● **Listed entries**:
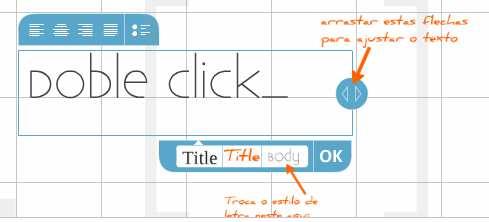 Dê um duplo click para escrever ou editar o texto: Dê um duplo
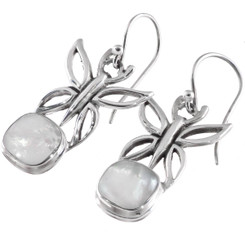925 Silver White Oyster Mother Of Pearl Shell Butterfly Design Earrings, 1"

==

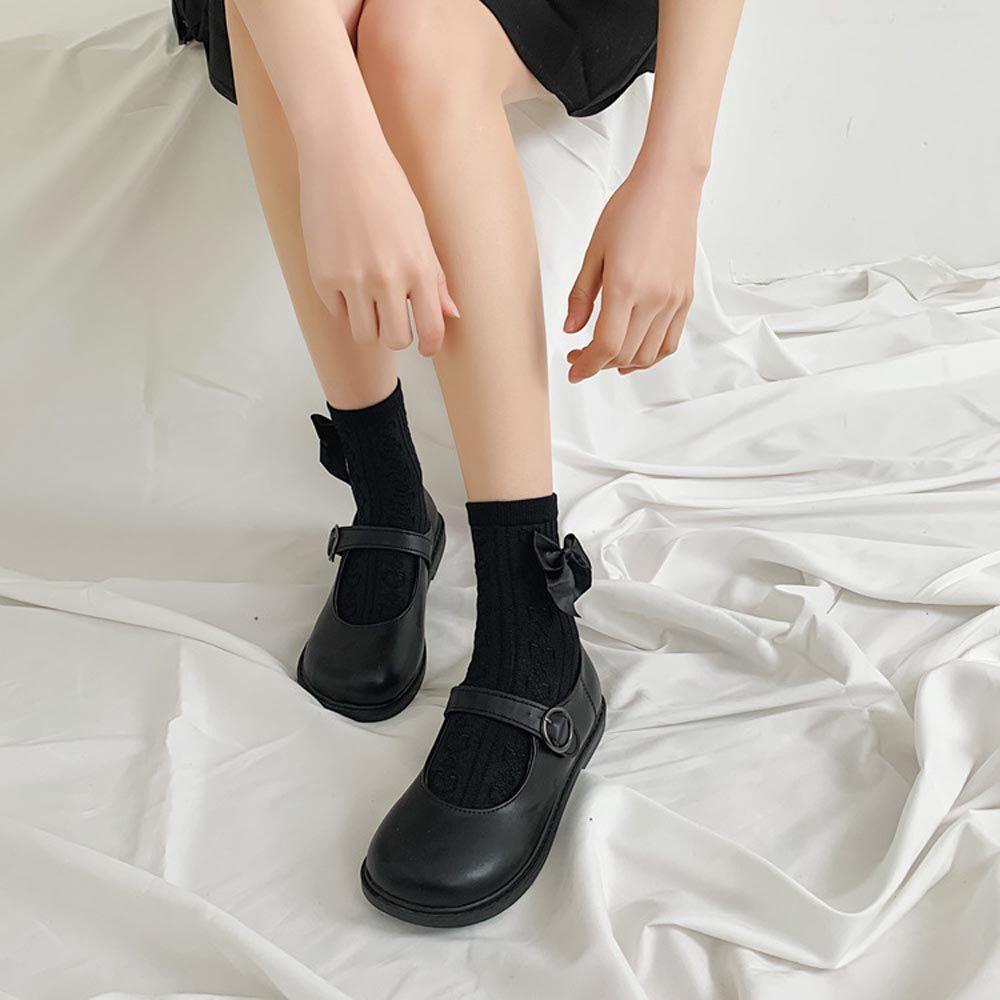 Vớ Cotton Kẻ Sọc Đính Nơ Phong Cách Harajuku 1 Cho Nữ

● **What this task involves**:
Precisely those lines above that run from the line with "Dê um duplo click" up to and including the line with "925 Silver White" are to be set down, with the pictures omitted.

● **Expected output**:
 Dê um duplo click para escrever ou editar o texto: Dê um duplo
925 Silver White Oyster Mother Of Pearl Shell Butterfly Design Earrings, 1"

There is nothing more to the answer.